This is a strange and surreal time, but once you’ve come through the initial shock and disbelief then how you respond next and what attitude you take will shape how you come through this situation. Here’s some things for you to think about and try out.

1          Let’s look at our individual resilience – what is it?

It’s basically the way we respond to and react to adversity.  It’s about how we face the challenges that are thrown at us, making sure we keep ourselves mentally and physically well, particularly if working from home when we’re not used to that.

It’s about keeping things in focus, checking our own responses and reactions and being aware of ourselves so we can change if necessary rather than allowing ourselves to become overwhelmed.

If you do find yourself becoming anxious or overwhelmed then ask for help before it becomes a major problem for you. Don’t forget, you’re not alone if you do feel this way, but you don’t have to suffer alone. Many people feel that way too.

2          Keeping positive

We need to find the positives and opportunities, even in a bad situation so be grateful for the good things we have – not everyone is as fortunate.

Write down your achievements each day, keep them in a notebook somewhere near you – it doesn’t matter how small you think they are, they are positive reminders so   look at them at the end of the day and when you need a boost.

Start practising techniques to reduce stress, which includes meditation and mindfulness (we’ll come onto this later on in the next blog). Say to yourself each night:

“I’m going to get some sleep and wake up tomorrow and do it basically good enough. It doesn’t have to be perfect – just good enough”

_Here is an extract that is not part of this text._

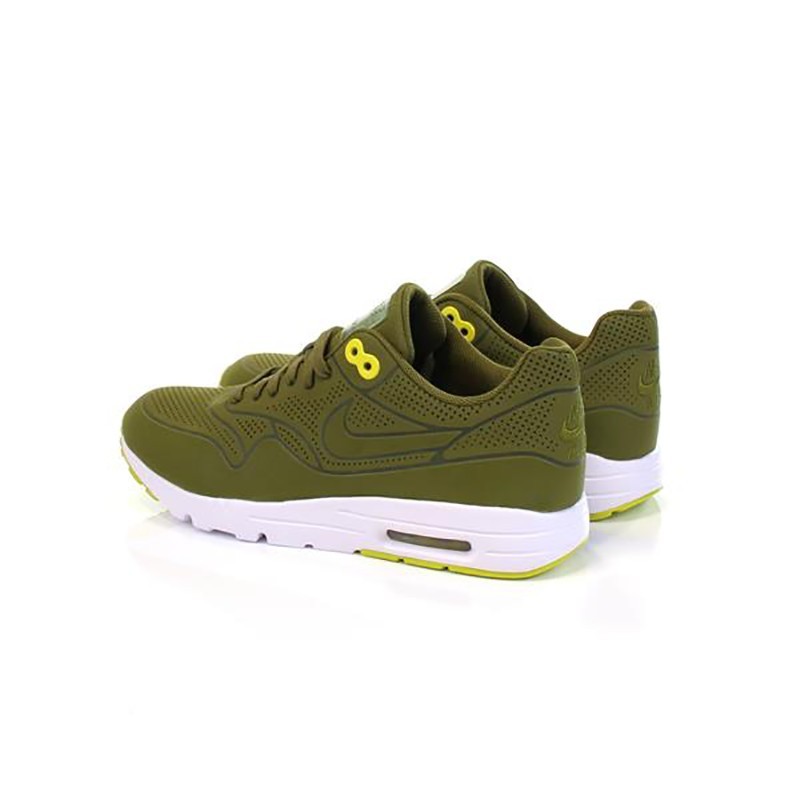 air max kaki femme air max kaki femme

3          Keeping a routine

Routine is important to keep structure and normality in our lives so if you are working from home, not working or furloughed at home… get up at your usual time, but practise some meditation if you’re not driving and have a bit more time.

Get dressed – smart casual is fine for being at or working from home – resist the urge to wear your pyjamas all day! Follow your usual skincare and make up routine (if appropriate) so you look and feel as you normally do, which will boost your morale.

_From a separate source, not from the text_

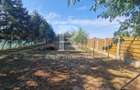 Teren | Santandrei | Drum Privat | Imprejmuit | 2052 mp | Bihor - 3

Your hair may be quite long by now as the hairdressers are closed so try tying it back. Be brave and look at some videos online before cutting your fringe and only the bold will have a go with hair clippers. Check the settings on these if you go ahead!

Depending on your home circumstances – especially if you have family living at home:

  •  Schedule work time into the day – but don’t try to do all the hours in the day.
  • Schedule breaks into the day – you need some headspace too.
  • Try to set up a workspace and a chair as you would at work but be careful about your sitting position if using an ordinary kitchen or dining chair and table.
  • Think about your posture, back, hips, elbows and wrists so you don’t set yourself up for a repetitive strain injury, aching hips or back.
  • Get up from your work once an hour – if you have a sit stand desk use it. You can set a timer on your phone to remind you. Stretch out – particularly your shoulders and arms, roll your head around to ease your neck muscles and wiggle your hips.
  • Close down from work at a set time – try not to burn the midnight oil.
  • Go to bed at your usual time – switch off phones and tablets. Listening to a relaxation recording to help you drift off.

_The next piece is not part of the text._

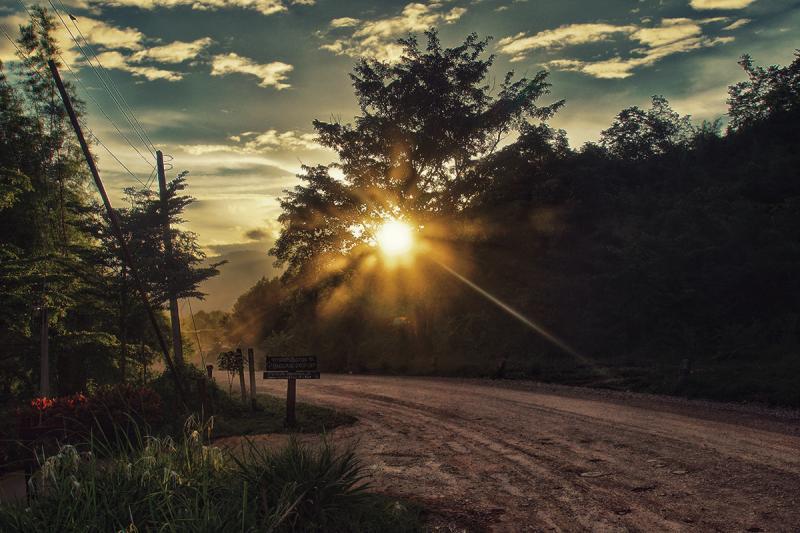 post-228573-0-05403900-1446382916_thumb.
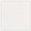 Linen Natural White Square Flat Card 2 3/4 x 2 3/4 - 25/Pk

4          Keeping in touch

It’s important to maintain contact for your own and others mental health so you don’t feel isolated and reminds you that you have family, friends and colleagues, even if you can’t actually meet up with them.

Set up a zoom or skype account for your phone, tablet, laptop or computer. These are free to download and it means you can actually see people. Remember they can see you and where you are too so make sure you look presentable and that what’s behind you is also tidy!

Set up video calls with friends and family. What’s App is very popular, free to download and easy to use as is Face Time. After a while finding something different to talk about is a challenge so you could set up a quiz, talk about a film, programme, or books. Try to have a positive end to the call.

Talk to one person outside of work every day. This is important for your own wellbeing so you don’t focus on work all the time. Not everyone has the internet, especially older people so call your vulnerable relatives or neighbours on the phone to check they’re ok.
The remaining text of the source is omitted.